Not enough chips means Mini sales hit the brakes


Mini sales have plunged by 25 per cent as the worldwide computer chip shortage continues to cause problems for carmakers’ supply chains.

Deliveries of the car, two thirds of which are built in BMW’s Cowley plant near Oxford, dropped to 67,000 between July and September, down from 89,000 in the same quarter last year.

BMW, the German owner of the brand, said: “The supply bottlenecks currently occurring on international semiconductor markets do not yet show any signs of easing. High demand in combination with limited capacities along the supply chain mean that semiconductor supplies are likely to remain tense.”

It said that the shortage had implications for the rest of the group, “as the risk of bottlenecks in the supply of semiconductor components could result in further production volume shortfalls”. It also cautioned that “further adjustments to the production schedule could arise during the remainder of the year”, again because of problems surrounding supplies.

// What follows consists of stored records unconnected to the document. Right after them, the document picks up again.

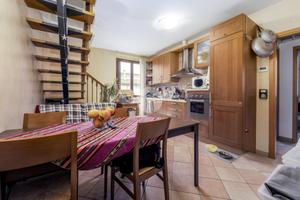 3 LOCALI A SAVIGNANO SUL RUBICONE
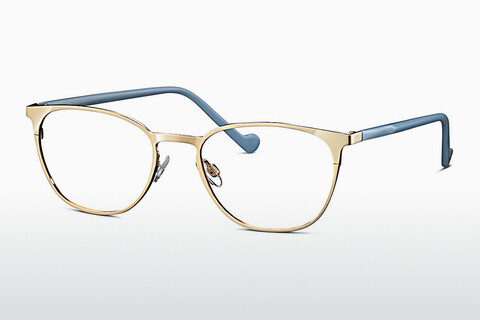 Óculos de design MINI Eyewear MINI 742000 20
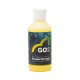 Spotted Fin GO2 Pineapple Bait Sauce - Ananász 250ml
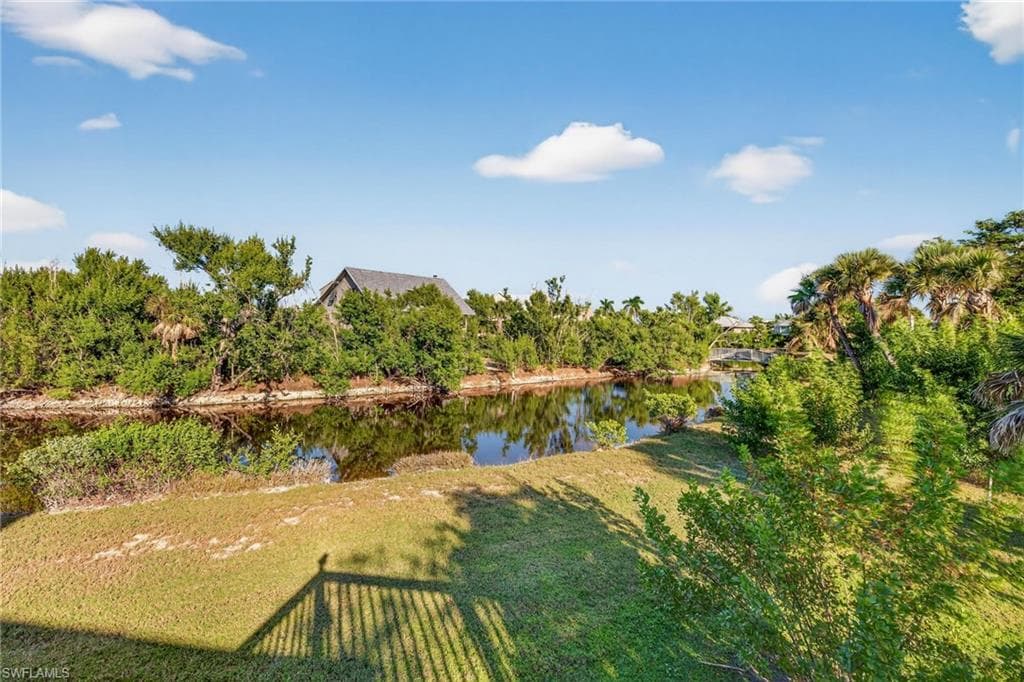 4400 Gulf Pines DR, SANIBEL FL 33957-33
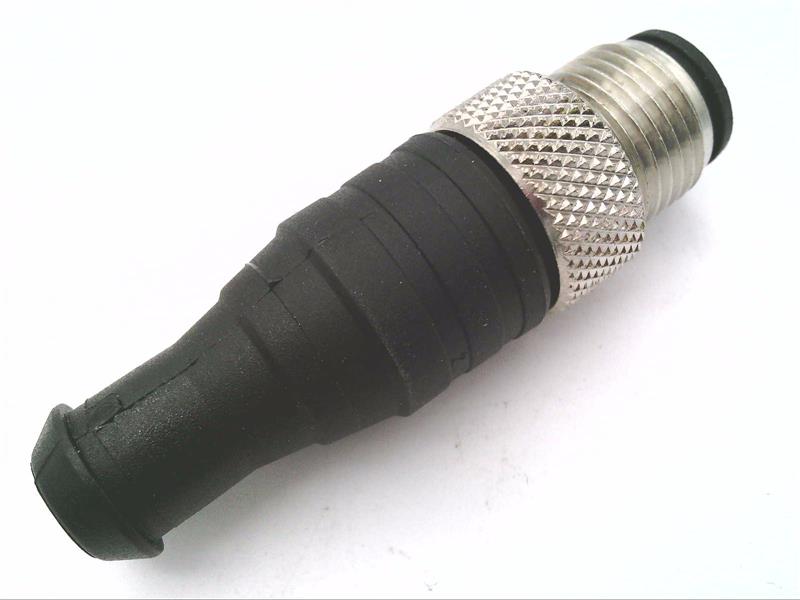 BALLUFF BKS-S105-R01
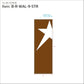 art_template_B-R-WAL-9-STR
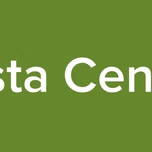 Igreja Batista Central Ibipora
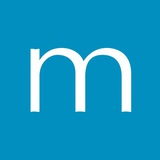 MESOMATRIX: красота как система | Мезоматрикс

Before the chip shortages, Mini had been enjoying a decent recovery from the pandemic and, even after poor third-quarter volumes, for the first nine months of the year Mini sales are up by 7 per cent at 224,000. That has been helped by 20,000 sales of the new £26,000 electric Mini.

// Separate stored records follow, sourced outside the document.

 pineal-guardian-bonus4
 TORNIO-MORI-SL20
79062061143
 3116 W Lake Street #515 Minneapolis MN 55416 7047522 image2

However, BMW was able to offset the lower volumes with higher prices and better profit margins. It was helped by booming demand for its Rolls-Royce luxury cars, which are safely on the road to smashing all-time production records.

Sales of Rolls-Royce cars, which are assembled at its Goodwood plant in West Sussex and sell for prices starting at £250,000, were up 21 per cent at 1,300. This took the total for the year to date to 4,300, up 62 per cent on 2020 levels as the business welcomed the return of wealthy Chinese and Asian buyers and the take-up of the Cullinan, its first 4×4.

Despite the disruptions, the wider group, dominated by the BMW brand and its bestselling 3 series model, reported a good third quarter. Revenues and pre-tax profits rose by 4.5 per cent to €27 billion and by 38 per cent to €2.5 billion, respectively. Over mine months, revenues were nearly 20 per cent better at €82 billion and pre-tax profits were more than four times higher at €13 billion than in the previous year.

BMW, based in Munich, is one of Germany’s three big carmakers alongside the Volkswagen group, which also includes Audi, Porsche and the Crewe-based Bentley, and Daimler, the company behind Mercedes-Benz.

It took over Mini as part of its ill-fated 1994 acquisition of the Rover Group. It subsequently disposed of the rest of Rover before that company went bust and was resurrected under Chinese ownership as MG. BMW acquired the rights to the Rolls-Royce brand in 1998 from Vickers in a deal in which Bentley, Rolls-Royce’s sister marque, was sold to VW.